1. My first suggestions, regarding publications, are already adopted widely in the UK, but my impression is they may be less common elsewhere. Requiring applicants for jobs or fellowships to specify their five best publications rather than providing a full list rewards those who publish significant pieces of work, and punishes piecemeal publication. Use of the H-index as an evaluation metric rather than either number of publications or journal impact factor is another way to encourage people to focus on producing substantial papers rather than a flood of trivial pieces, as papers with low citations have no impact whatever on the H-index.There are downsides: we have the lag problem, which makes the H-index pretty useless for evaluating junior people, and in its current form the index does not take into account the contribution of authors, thereby encouraging multiple authorship, since anyone who can get their name on a highly-cited paper will boost their H-index, regardless of whether they are a main investigator or freeloader.

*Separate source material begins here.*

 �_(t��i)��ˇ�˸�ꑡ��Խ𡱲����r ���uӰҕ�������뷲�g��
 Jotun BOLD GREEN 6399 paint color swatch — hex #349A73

2. Younger researchers should be made aware that a sole focus on publishing in very high impact journals may be counter-productive. Rapid publication in an Open Access journals (many of which have perfectly respectable impact factors) may be more beneficial to ones career (http://openaccess.eprints.org/) because the work is widely accessible and so more likely to be cited. A further benefit of the PLOS journals, for instance, is that they don't impose strict length limits, so research can be properly described and put in context, rather than being restricted to the soundbite format required by very high impact journals.

3. Instead of using metrics based on grant income, those doing evaluations should use those based on efficiency, i.e. an input/output function. Two problems here: the lag in output is considerable, and the best metric for measuring output is unclear. The lag means it would be necessary to rely on track record, which can be problematic for those starting out in the field. Nevertheless, a move in this direction would at least encourage applicants and funders to think more about value for money, rather than maximising the size of a grant – a trend that has been exacerbated by Full Economic Costing (don't get me started on that). And it might make grant-holders and their bosses see the value of putting less time and energy into writing multiple proposals and more into getting a project done well, so that it will generate good outputs on a reasonable time scale.

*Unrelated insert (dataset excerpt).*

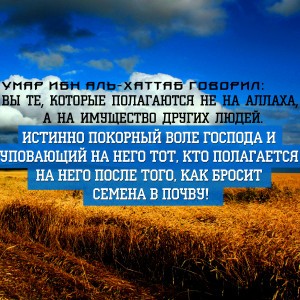 вы те кто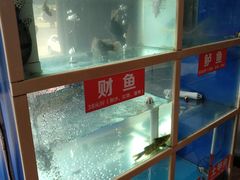 水产区-一撮毛美食城(全力一路店)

4. The most radical suggestion is that we abandon formal institutional rankings (i.e. the successor to the RAE, the REF). I've been asking colleagues who were around before the RAE, what they think it achieved. The general view was that the first ever RAE was a useful exercise that exposed weaknesses in insitutions and individuals and got everyone to sharpen up their act. But the costs of subsequent RAEs (especially in terms of time) have not been justified by any benefit. I remember a speech given by Prof Colin Blakemore at the British Association for the Advancement of Science some years ago where he made this point, arguing that rankings changed rather little after the first exercise, and certainly not enough to justify the mammoth bureaucratic task involved. When I talk to people who have not known life without an RAE, they find it hard to imagine such a thing, but nobody has put forward a good argument that has convinced me it should be retained. I'd be interested to see what others think.